Centralized government purchasing of goods and services is traditionally beset with problems. These systems struggle to ensure: purchasing quality goods and services in a cost effective manner, ensuring quality from the lowest bidder, providing effective and timely service to clients, carrying out effective contract and price agreement, and ensuring access and fair competition. Further, a government that veils its acquisition processes in order to protect itself from fraud may also be simultaneously protecting itself from reform and innovation. In order to ensure equity in the bidding process and to avoid charges of favoritism towards particular vendors, most jurisdictions have established very rigid, cost-intensive processes that make bidding time consuming and difficult for vendors. In all, the traditional system creates a lose-lose relationship between government and vendor.
In 1992, the State of Oregon responded to these problems and implemented the Vendor Information Program (VIP) to fundamentally change the way the State procures products, trade services, and public works by moving the primary responsibility for accessing bid information from the buyer (State) to the seller (vendor). The program's goals are to: increase competition through easier access; reduce obstacles to the bidding process; and procure better quality products and services at lower prices.
In order to achieve these goals, VIP created the first automated bid access system in the country.
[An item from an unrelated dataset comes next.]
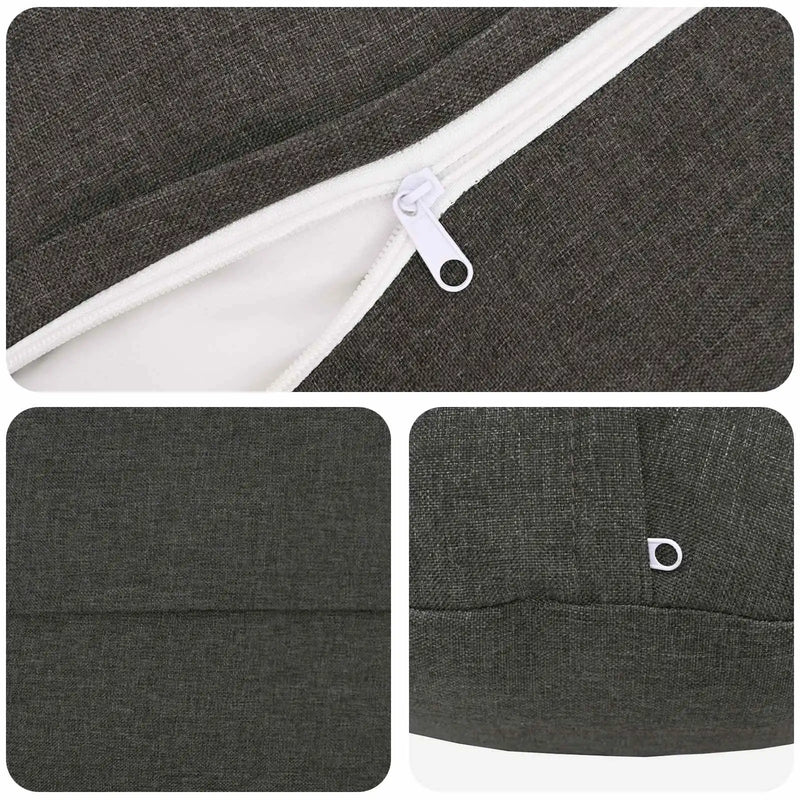 Cushion with Pillow HEERLEN 2 pcs Dark Grey Fabric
This access is provided by a database of all bid information that is relevant to business planning and bid preparation, including information about pricing and features of contracts--past and present. The database is then disseminated throughout the State by software developed especially for the program. Through a broad and effective implementation process, the system is available, via personal computer, to all interested businesses. Further, vendors without computer access can download the information at one of over 120 designated Procurement Centers or public libraries located throughout the State.
The results from the first year show the program is working to fulfill its ambitious goals. In 1992 alone, Oregon taxpayers saved $12.8 million on their annual purchases. More than 8,000 new vendors participated in the State's bidding and contracting processes. Many of these new vendors represented small- and medium-sized businesses. Overall, the increased participation resulted in an improved perception of the State by minority and other communities that were traditionally left behind in the bidding process. The state also saved 20 percent, or $60,000, of its annual budget for copying, paper, and mailing, as well as $500,000 in personnel costs.
Transparency and access, traditionally the cornerstone of any democratic entity, require free and public disclosure of information. Oregon has found a way to create new avenues of transparency and access with modern technology, resulting in significant savings and improvement of services for the taxpayer. This access has led to the creation of a more inclusive atmosphere for small, private companies to compete for state contracts. VIP has replaced a 30-year-old system of public purchasing with a less expensive, more transparent model.